Alok Lal updated RANGER-533:
----------------------------
    Fix Version/s:     (was: 0.5.0)

> Hbase plugin: if user does not have family-level access to any family in a table then user may be incorrectly denied access done at table/family level during get or scan
> -------------------------------------------------------------------------------------------------------------------------------------------------------------------------
>
>                 Key: RANGER-533
>                 URL: https://issues.apache.org/jira/browse/RANGER-533
>             Project: Ranger
>          Issue Type: Bug
>    Affects Versions: 0.4.0
>            Reporter: Alok Lal
>            Assignee: Alok Lal
>
> Consider the following series of hbase shell commands
> {code}
> disable 'tab1'
> drop 'tab1'
> create 'tab1', 'fam1', 'fam2', 'fam3'
> put 'tab1', 'row1', 'fam1:col1', 'fam1-col1-value'
> put 'tab1', 'row1', 'fam1:col2', 'fam1-col2-value'
> put 'tab1', 'row1', 'fam2:col1', 'fam2-col1-value'
> {code}
> Imagine that there are users it1 and it2 both belonging to user group IT.  Let's grant them following access:
> {code}
> grant '@IT', 'R', 'tab1', 'fam1', 'col1'
> grant 'it2', 'R', 'tab1', 'fam2'
> {code}
> After this if user it1 does any of the following accesses then user won't get back any rows, even thought we would expect the user to get back 'row1' with data for 'fam1:col1'
> {code}
> scan 'tab1'
> scan 'tab1', 'fam1'
> get 'tab1', 'row1'
> get 'tab1', 'row1', 'fam1'
> {code}
> However, doing the following works as expected.
> {code}
> scan 'tab1', 'fam1', 'col1'
> get 'tab1', 'row1', 'fam1', 'col2'
> {code}
> Further user it2 gets right results when it does the following, i.e. she gets back results from both 'fam1:col1' and 'fam2;col1'
> {code}
> scan 'tab1'
> scan 'tab1', 'fam1'
> get 'tab1', 'row1'
> get 'tab1', 'row1', 'fam1'
> {code}
> This happens because for user it1 (from group IT) there is no column family to which it has family-level access in table 'tab1'.  She only has partial access to 'fam1' and no access to 'fam2'.  Where as while user it2 has partial access to fam1 since she has full access to fam2 the final results are right and include values from both fam1 and fam2.

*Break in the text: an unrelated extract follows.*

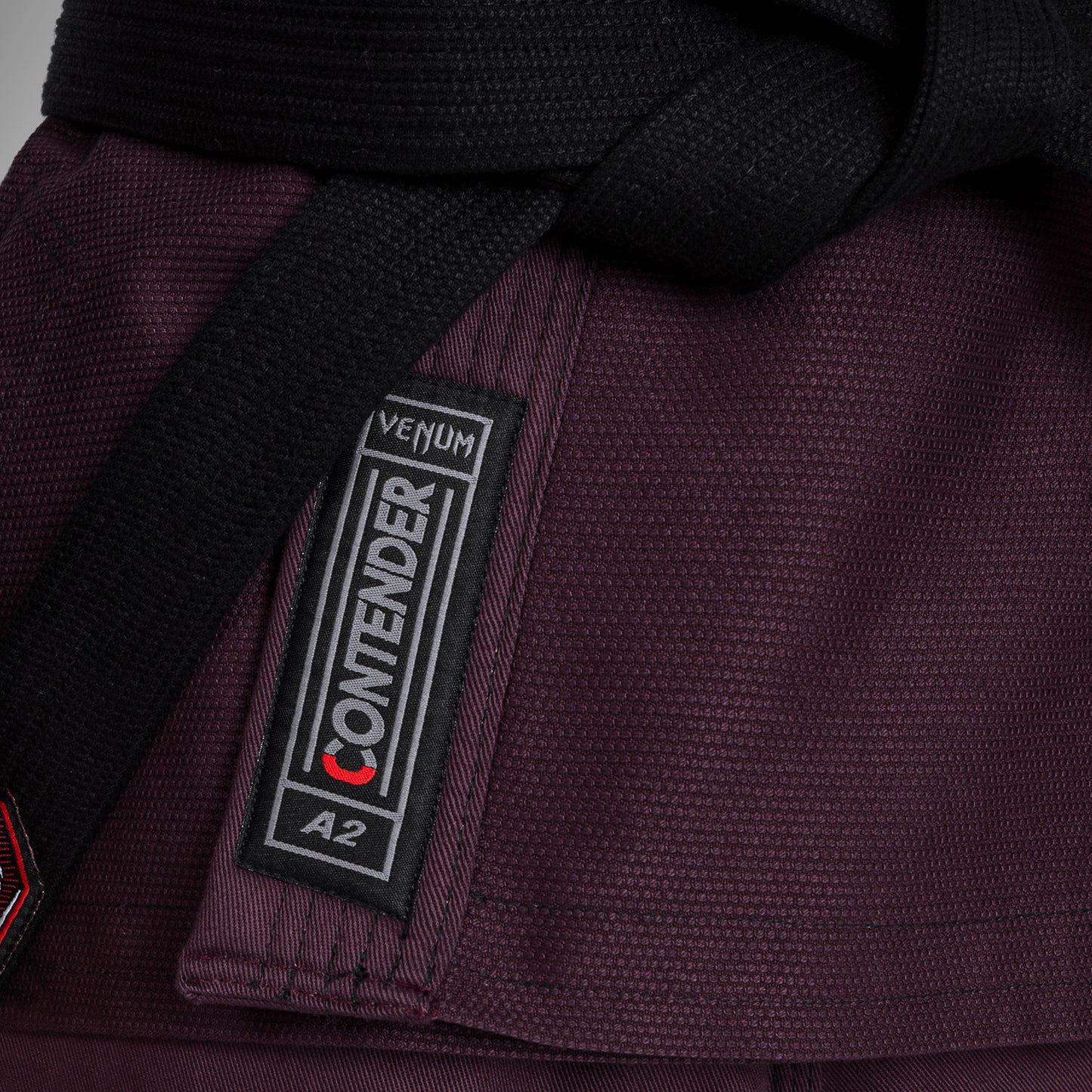 Kimono de JJB Venum Contender Evo - Marron foncé - product-type_Kimonos de JJB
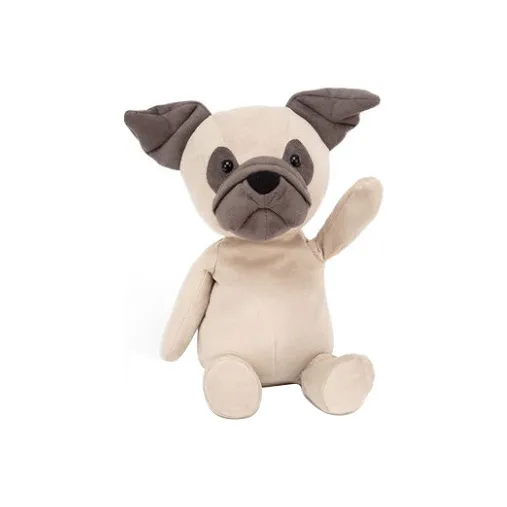 JELLYCAT Caboodle Puppy Stuffed Animal-2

> Workaround for this issue is to create a dummy family in a table and give full access to that dummy family to all users that otherwise don't full access to any other column family of that table.
> So in the above example if you were to give the following grant then results of user it1 would be corrected:
> {code}
> grant '@IT', 'R', 'tab1', 'fam3'
> {code}
> In practice most often users have family level access so incidents of this issue in the field might be less.